Print the line containing "Sofá de esquina" and all lines after it, unchanged, through the end of the data. Leave the pictures out.

COLLECTED MATERIAL ▸
------------------------------
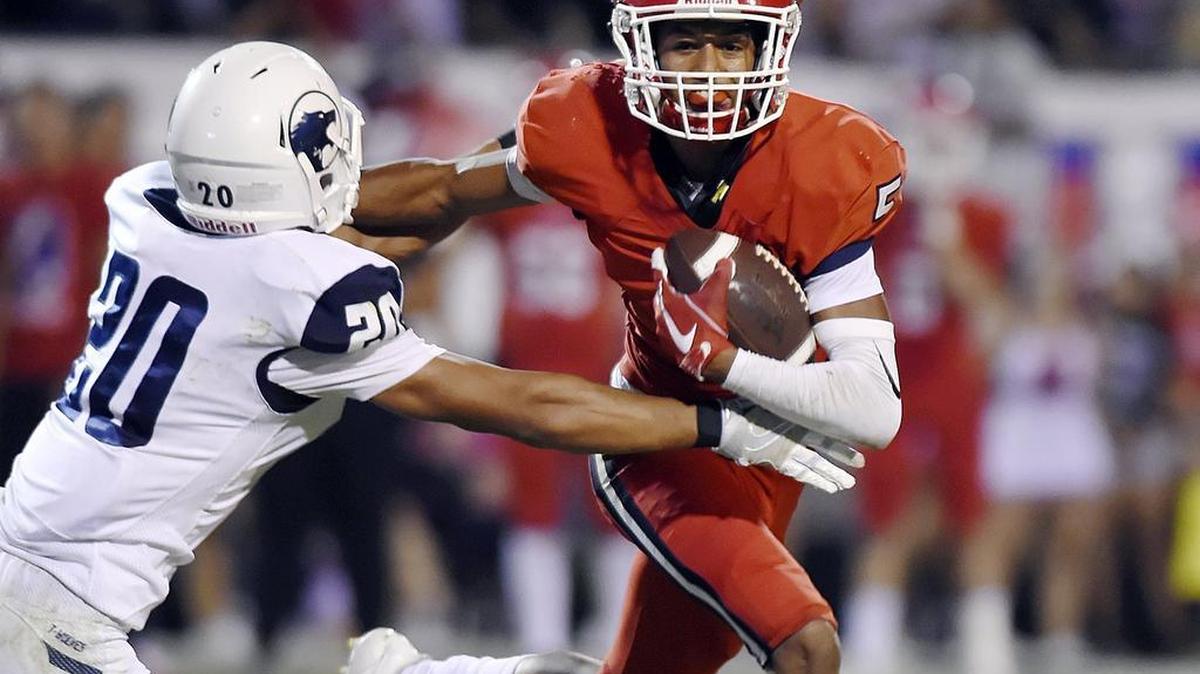 Sanger High’s multipurpose star Jalen Cropper, seen here in a file photo, got injured during the fourth quarter of a 40-38 double overtime win at Lemoore. He had his ankle taped and sat on the trainer’s table after the injury.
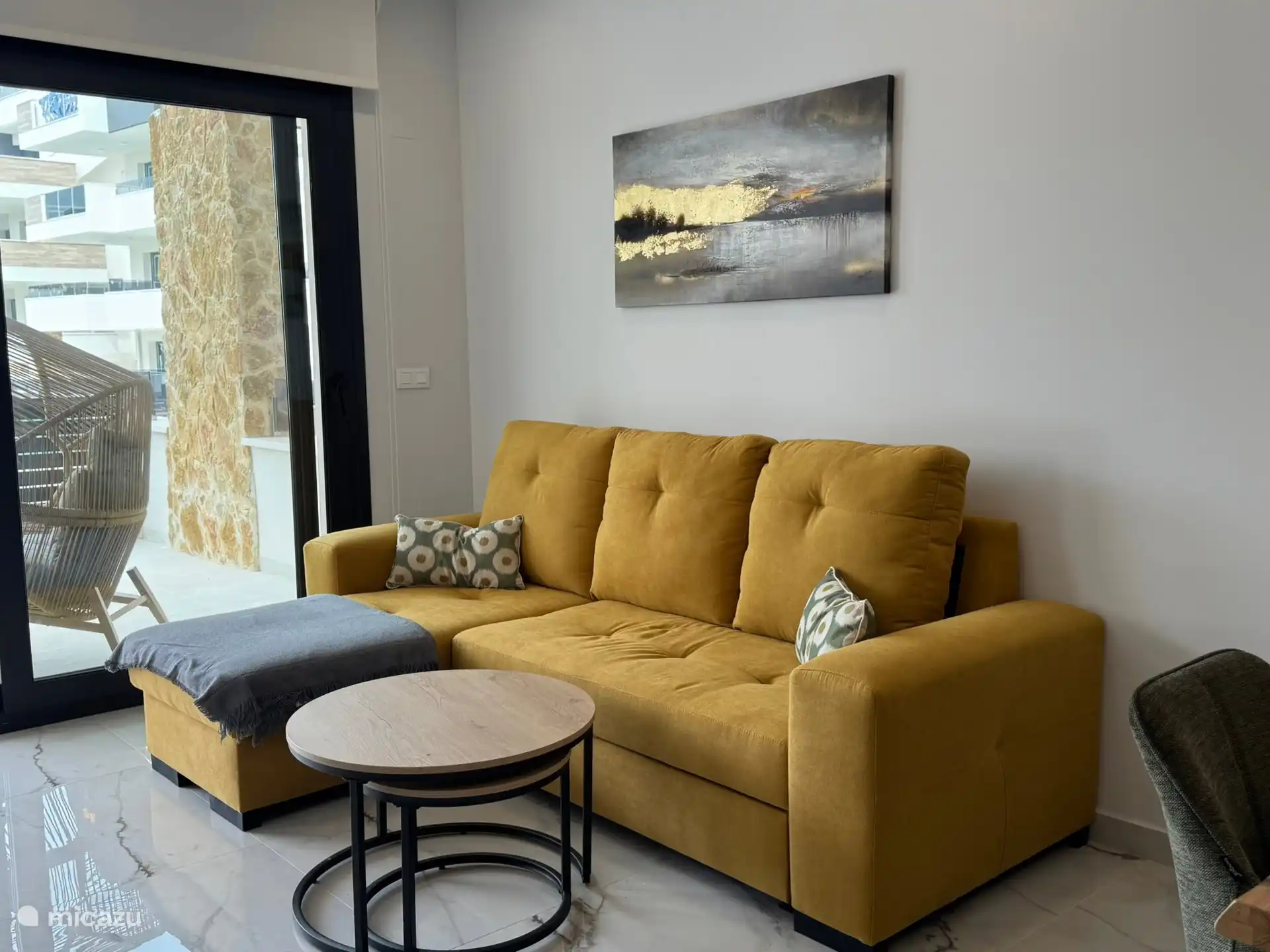 Sofá de esquina cómodo y acogedor con tumbona. 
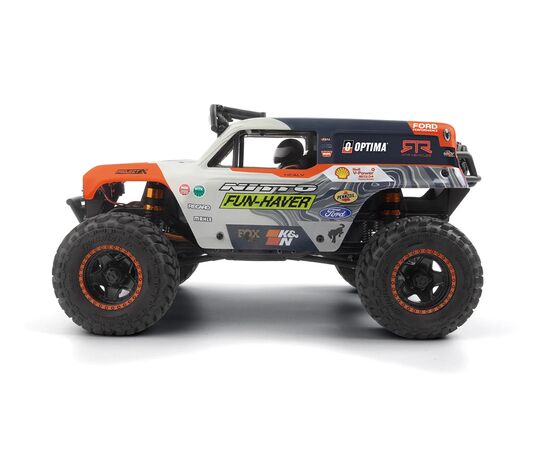 Venture18 U4 Ford Bronco view 2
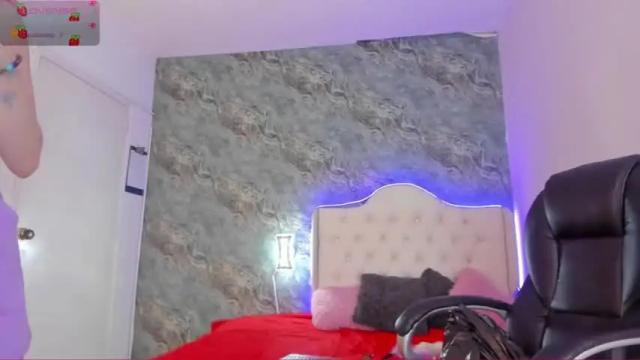 Image 3 of camillen_pettid Stream on Chaturbate on 12 months ago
------------------------------
EXERCISE RESPONSE ▸
 Sofá de esquina cómodo y acogedor con tumbona. 
 Venture18 U4 Ford Bronco view 2
 Image 3 of camillen_pettid Stream on Chaturbate on 12 months ago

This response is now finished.